Give back, character for character, the line that includes "中老年补钙别只看钙含量！血管钙化风险你可能没想到" and all lines beneath it in the data.

[Items listed in a dataset]
# # # # # # #

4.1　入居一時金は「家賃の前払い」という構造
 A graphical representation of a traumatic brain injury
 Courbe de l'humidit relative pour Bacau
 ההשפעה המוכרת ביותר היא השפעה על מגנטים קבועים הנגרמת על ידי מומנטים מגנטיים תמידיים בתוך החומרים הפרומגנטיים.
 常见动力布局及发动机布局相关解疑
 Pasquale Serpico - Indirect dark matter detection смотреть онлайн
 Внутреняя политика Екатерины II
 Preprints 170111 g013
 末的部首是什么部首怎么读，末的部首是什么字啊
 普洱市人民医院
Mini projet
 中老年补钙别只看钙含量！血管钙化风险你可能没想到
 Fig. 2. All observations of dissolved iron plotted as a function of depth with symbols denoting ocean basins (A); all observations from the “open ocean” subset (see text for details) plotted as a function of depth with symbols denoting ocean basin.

# # # # # # #

Response to this exercise:
 中老年补钙别只看钙含量！血管钙化风险你可能没想到
 Fig. 2. All observations of dissolved iron plotted as a function of depth with symbols denoting ocean basins (A); all observations from the “open ocean” subset (see text for details) plotted as a function of depth with symbols denoting ocean basin.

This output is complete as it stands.